Así siguieron las cosas en la taberna durante todo el día. Al atardecer dos hombres cubiertos de polvo entraron en la calle que apenas alumbraban sus vacilantes faroles.

Uno de ellos era el señor Defarge y el otro el peón caminero del gorro azul. Sucios de polvo y muertos de sed entraron en la taberna y su llegada pareció despertar el interés y entusiasmo en todos los rostros que se asomaron a puertas y ventanas al verlos pasar.

Nadie los siguió, sin embargo, y nadie habló en la taberna cuando entraron, a pesar de que todas las miradas estaban fijas en ellos.

—Buenos días —exclamó el señor Defarge.

Aquello pareció una señal para que se soltaran todas las lenguas, pues se oyó un coro de voces que contestaba

—Buenos días.

—Mal tiempo hace, señores —observó Defarge meneando la cabeza.

Entonces cada uno de los concurrentes miró a su vecino y luego se quedaron con los ojos fijos en el suelo, exceptuando un hombre que se levantó y salió.

—Esposa mía —dijo Defarge en voz alta, —he caminado algunas leguas con este buen peón caminero que se llama Jaime. Lo encontré por casualidad a una jornada y media de París. Es un buen muchacho. Dale de beber, mujer.

Otro hombre se levantó y salió a su vez. La señora Defarge sirvió un vaso de vino al peón caminero, llamado Jaime, el cual saludó a la concurrencia con su gorro azul y bebió. Llevaba en el pecho un mendrugo de pan moreno y empezó a comerlo entre trago y trago, al lado del mostrador de la señora Defarge. Entonces se levantó otro hombre y salió.

Defarge se bebió un vaso de vino, menor que el servido al peón caminero, y se quedó, esperando a que éste terminara su refrigerio, pero sin mirar a nadie, ni siquiera a su mujer, que había reanudado su labor.

—¿Has terminado de comer, amigo? —preguntó.

—Sí, gracias.

—Entonces ven. Verás la habitación que, según te dije, puedes ocupar.

Salieron de la taberna, y entrando en un patio subieron por una escalera hasta lo alto de la misma, y por allí llegaron a una buhardilla ocupada en otro tiempo por un hombre de cabellos blancos que pasaba el tiempo haciendo zapatos.

Entonces ya no había ningún hombre de blancos cabellos, sino, en su lugar, los tres hombres que un día miraron por el agujero de la llave y por unos agujeros en la pared.

Defarge cerró cuidadosamente la puerta y habló en voz baja:

—Jaime Uno, Jaime Dos, Jaime Tres.
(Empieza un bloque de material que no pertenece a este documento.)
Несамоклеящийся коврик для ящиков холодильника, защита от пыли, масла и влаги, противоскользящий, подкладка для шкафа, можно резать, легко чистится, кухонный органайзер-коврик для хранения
Este es el testigo que he encontrado yo, Jaime Cuatro. Habla, Jaime Cinco.

El peón caminero, con el gorro azul en una mano, se limpió la morena frente y dijo:

—¿Por dónde he de empezar?

—Por el principio —contestó Defarge.

—Lo vi entonces, señores —empezó diciendo el peón caminero— hace un año, debajo del carruaje del marqués, colgado de la cadena. Yo dejé mi trabajo en el camino a la puesta del sol mientras el carruaje del marqués subía despacio la colina. Él iba colgado de la cadena... así.